Non sarà semplice passare da una delle big d'Asia alla realtà europea?
«Io non ho pretese. Ho già avuto tanti contatti (anche alcune nazionali, ndr), ogni presidente che chiama deve essere ascoltato, anche se guida una società di serie B. Perché ci sono tanti allenatori in giro e solo per il fatto che pensano a te, devi essere grato. Bisogna capire i progetti, senza avere preclusioni di alcun genere».

Lippi, colui che l'ha voluta in Cina, cosa le ha detto?
«È stato tra i primi con cui ho condiviso questa scelta e lui l'ha sostenuta. È uno dei miei maestri, uno dei miei riferimenti in questo mondo».

Che serie A trova?
«Un campionato senza padroni. C'è l'Inter che ha l'organico complessivamente migliore ma viste le prime sei giornate la differenza la farà la capacità del Napoli di saper gestire i momenti difficili che arriveranno. Perché se c'è una squadra che può dare uno strappo è proprio quella di Spalletti».

Che tipo è Luciano?
«Mi ha sempre affascinato il suo modo di far calcio: lo andai a trovare a Trigoria qualche anno fa per studiare meglio la sua organizzazione offensiva perché a Coverciano la sua lezione mi aveva molto colpito. Qui può aprire un ciclo, è l'uomo col carattere giusto per questa panchina».

Uno come Cannavaro come avrebbe fermato Osimhen?
«È fortunato, perché non avrebbe preso palla se lo marcavo io. O in anticipo o anche dopo, la porta non gliela facevo vedere (ride di gusto, ndr). Devo dire che ha una potenza fisica che impressiona e facile da fermare certo non è».

Il Napoli e l'Italia sembra sia in mani ottime?
«Sì, Mancini in particolare ha già aperto un ciclo. Chi verrà dopo di lui avrà addosso una eredità pesante. Credo che resterà lì ancora a lungo. Ma in ogni caso, anche per la mia storia con la Nazionale, un giorno mi piacerebbe essere il ct».
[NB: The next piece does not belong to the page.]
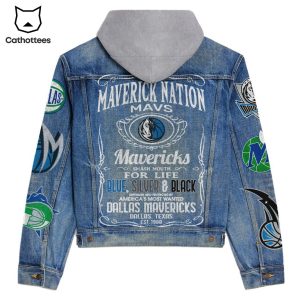 Dallas Mavericks Nation Mavs Hooded Denim Jacket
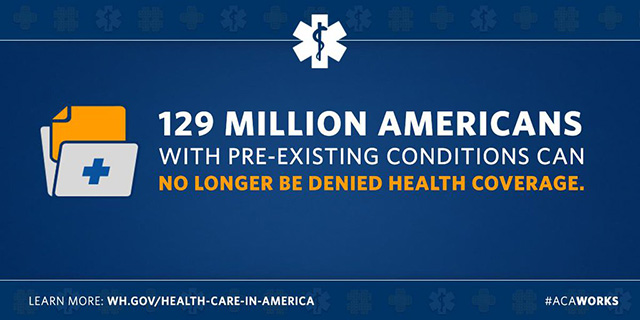 129 Million Americans with Pre-Existing Conditions Can No Longer Be Denied Health Coverage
Chi i suoi modelli di allenatore?
«Lippi, Capello, Zaccheroni. Ma nessuno ha cambiato il calcio come Guardiola in questi ultimi dieci anni. Negli ultimi tempi cinesi mi sono ricordato del 3-4-2-1 di Malesani e l'ho riproposto, lasciando il mio modulo di riferimento, il 4-3-3».

Per essere un difensore...
«Ero difensore quando andavo in campo, adesso da allenatore mi piace attaccare, avere il possesso. Anche se penso che vinca sempre la squadra che è più solida in difesa».

L'ultima Europa League l'ha vinta al Parma quando si chiamava ancora Coppa Uefa. Che consigli dà al Napoli?
«Sembra sempre una coppetta, che dalle nostre parti viene trattata con snobismo, con la puzza sotto il naso. Ma è un errore perché una volta che viene vinta, fa la differenza. Basta guardare club come il Siviglia. E spero tanto che il Napoli abbia tanta voglia di arrivare fino in fondo».